With the advent of Adobe Acrobat 5.0, it is now possible to use a PDF form in your web applications. Adobe has beefed up their JavaScript implementation so that most of the things you would ever want to do with a PDF can be done programmatically. There is even an object called the ADBC, or Acrobat Database Connectivity, object that allows for database access in much the same way as Microsoft's ActiveX Data Objects, and it serves as an interface to ODBC for the PDF. Subordinate to it there are the Connection object and Statement object. As the names might imply, the Connection object manages the actual connectivity to the database, and the Statement object allows for the execution of SQL statements.

This is all well and good, but why do this when you could do a standard HTML form with server scripting behind it? There are several reasons.

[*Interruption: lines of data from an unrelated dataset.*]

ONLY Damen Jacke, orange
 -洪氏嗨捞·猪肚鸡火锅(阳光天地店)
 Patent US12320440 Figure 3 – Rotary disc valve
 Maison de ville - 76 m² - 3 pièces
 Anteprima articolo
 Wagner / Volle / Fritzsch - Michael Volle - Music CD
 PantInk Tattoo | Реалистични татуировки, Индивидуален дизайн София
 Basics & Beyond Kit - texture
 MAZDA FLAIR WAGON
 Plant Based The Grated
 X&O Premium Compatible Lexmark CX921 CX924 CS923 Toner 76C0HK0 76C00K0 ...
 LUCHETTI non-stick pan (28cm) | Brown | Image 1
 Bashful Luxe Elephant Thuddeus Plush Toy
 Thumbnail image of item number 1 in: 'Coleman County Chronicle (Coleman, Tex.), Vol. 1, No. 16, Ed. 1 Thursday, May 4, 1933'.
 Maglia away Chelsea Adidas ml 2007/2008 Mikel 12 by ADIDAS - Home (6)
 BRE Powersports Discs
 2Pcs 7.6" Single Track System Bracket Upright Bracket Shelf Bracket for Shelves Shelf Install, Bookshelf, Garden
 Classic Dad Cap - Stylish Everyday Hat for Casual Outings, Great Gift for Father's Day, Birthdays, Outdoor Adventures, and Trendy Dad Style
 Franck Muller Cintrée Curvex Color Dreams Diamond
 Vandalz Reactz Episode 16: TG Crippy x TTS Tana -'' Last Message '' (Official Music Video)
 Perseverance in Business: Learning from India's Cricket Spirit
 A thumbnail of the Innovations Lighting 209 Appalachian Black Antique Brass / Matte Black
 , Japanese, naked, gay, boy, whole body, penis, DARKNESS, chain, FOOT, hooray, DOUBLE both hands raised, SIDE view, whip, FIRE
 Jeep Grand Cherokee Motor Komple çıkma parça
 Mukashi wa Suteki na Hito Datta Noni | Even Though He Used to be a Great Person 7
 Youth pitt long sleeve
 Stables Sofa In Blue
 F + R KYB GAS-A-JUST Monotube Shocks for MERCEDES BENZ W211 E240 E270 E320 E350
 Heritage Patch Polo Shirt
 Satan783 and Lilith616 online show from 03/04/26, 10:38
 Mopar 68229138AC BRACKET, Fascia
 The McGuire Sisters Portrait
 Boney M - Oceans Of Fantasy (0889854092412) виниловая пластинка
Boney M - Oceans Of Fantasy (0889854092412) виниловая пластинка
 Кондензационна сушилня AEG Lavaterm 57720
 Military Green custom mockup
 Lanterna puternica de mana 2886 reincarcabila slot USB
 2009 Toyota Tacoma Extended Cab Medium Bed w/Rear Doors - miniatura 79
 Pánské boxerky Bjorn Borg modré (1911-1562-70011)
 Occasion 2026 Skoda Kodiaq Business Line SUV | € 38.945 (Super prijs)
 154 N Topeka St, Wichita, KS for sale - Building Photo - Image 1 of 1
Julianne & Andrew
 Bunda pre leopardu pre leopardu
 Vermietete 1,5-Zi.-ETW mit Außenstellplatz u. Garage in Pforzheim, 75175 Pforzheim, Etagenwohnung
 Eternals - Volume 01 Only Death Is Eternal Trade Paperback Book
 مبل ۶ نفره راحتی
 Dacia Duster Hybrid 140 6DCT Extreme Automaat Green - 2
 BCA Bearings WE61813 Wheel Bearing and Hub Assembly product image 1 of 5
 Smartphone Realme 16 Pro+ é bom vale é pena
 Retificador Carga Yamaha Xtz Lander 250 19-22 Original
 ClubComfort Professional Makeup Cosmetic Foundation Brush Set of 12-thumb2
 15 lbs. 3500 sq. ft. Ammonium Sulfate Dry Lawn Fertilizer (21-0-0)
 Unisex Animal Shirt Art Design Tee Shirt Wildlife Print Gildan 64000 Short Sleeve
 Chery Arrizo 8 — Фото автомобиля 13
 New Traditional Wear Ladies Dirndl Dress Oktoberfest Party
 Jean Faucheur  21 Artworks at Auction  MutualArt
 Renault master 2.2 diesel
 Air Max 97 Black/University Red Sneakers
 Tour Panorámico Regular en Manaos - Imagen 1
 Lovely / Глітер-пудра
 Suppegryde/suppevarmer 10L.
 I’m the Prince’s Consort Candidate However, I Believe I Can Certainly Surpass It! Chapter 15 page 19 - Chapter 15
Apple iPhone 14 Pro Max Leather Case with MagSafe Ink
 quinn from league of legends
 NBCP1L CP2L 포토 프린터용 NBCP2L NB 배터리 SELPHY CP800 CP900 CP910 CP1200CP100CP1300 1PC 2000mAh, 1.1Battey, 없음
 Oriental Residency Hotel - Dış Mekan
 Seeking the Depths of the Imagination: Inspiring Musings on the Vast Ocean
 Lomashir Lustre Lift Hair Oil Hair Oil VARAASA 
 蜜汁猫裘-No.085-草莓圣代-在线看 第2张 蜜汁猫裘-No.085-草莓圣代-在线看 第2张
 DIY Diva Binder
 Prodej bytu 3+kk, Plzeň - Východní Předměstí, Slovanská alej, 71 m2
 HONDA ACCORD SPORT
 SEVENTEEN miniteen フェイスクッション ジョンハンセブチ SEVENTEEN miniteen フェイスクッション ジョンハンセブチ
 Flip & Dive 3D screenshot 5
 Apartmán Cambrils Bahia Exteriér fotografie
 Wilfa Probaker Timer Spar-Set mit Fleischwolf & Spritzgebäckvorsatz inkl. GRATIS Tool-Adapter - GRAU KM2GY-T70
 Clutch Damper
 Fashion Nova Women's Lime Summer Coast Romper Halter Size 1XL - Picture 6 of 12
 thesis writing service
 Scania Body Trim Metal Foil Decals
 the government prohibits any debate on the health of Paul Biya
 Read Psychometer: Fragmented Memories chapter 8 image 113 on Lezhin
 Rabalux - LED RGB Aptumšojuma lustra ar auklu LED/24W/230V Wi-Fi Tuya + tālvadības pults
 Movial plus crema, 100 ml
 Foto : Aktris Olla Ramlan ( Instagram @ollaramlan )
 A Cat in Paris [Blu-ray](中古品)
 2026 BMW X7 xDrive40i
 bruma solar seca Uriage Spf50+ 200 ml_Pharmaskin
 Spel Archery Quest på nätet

  • Your form looks just like the printed version. WYSIWYG. This may make the learning curve easier if you are moving from paper forms to the web. Or perhaps your forms are already in PDF, and you don't want to recreate the wheel.
  • The ability to save the document in PDF. Duh.
  • Collaboration. Version 5.0 allows users to annotate PDFs as if they were on their desktop, and the annotations are instantly updated on the server so that real time collaboration is possible. It is also possible to download the form, mark it up offline, and upload the annotations later.
  • Encryption. Acrobat 5.0 offers 128-bit RSA encryption right out of the box. You can publish your document on your web server, restricting access only to those you specify on your trusted certificate list.
  • Digital signatures. This is a pretty cool feature. It uses the RSA algorithm to produce the public/private key pair and the X.509 standard for certificates.

The neat thing is, when you have your form published on your web server — intranet, internet, whatever — if they are in your trusted certificate list, users can log in to the document, fill out the form, sign it, and submit it. Through JavaScript, you can have data validation down to the field level. You can also specify, through code, to only submit the document if the signature is valid and authenticated. The submitted form data can be sent in Adobe's Forms Data Format, HTML, or XML. You can also send the entire PDF. Choosing to send it by HTML puts the field data into the body of a HTTP Request, which can be parsed and dealt with at the server.

I'm using this setup at work. I have a customer that does oversight for a federal program, and he wants to move away from paper. The problem was having a signature is a requirement for this program. So he sent me the form in Microsoft Word format, I distilled it into PDF, added Acrobat form fields, and published it. The signatures are all housed in a secure directory, and the scripting writes data to the database only when Acrobat validates the signature on the form. Though we haven't put it into production yet, it seems to work as expected.

Caveat: This only works in version 5.0. Also, everyone accessing the form has to have either Acrobat 5.0 on their machine or Acrobat Approval 5.0. The annotation, saving to disk, and signature features are not available in Acrobat Reader. Also, 128-bit encryption might have been strong a few years ago, but it's pretty much obsolete having been cracked by Ian Goldberg in 1997. Using 250 computers, it took him about four hours to break it. I wouldn't rely on this if you are doing top secret work, but it will keep the boys in accounting or whatever from peeping where they shouldn't. Unless they are hella 1337 accountants and have a beowulf cluster or something.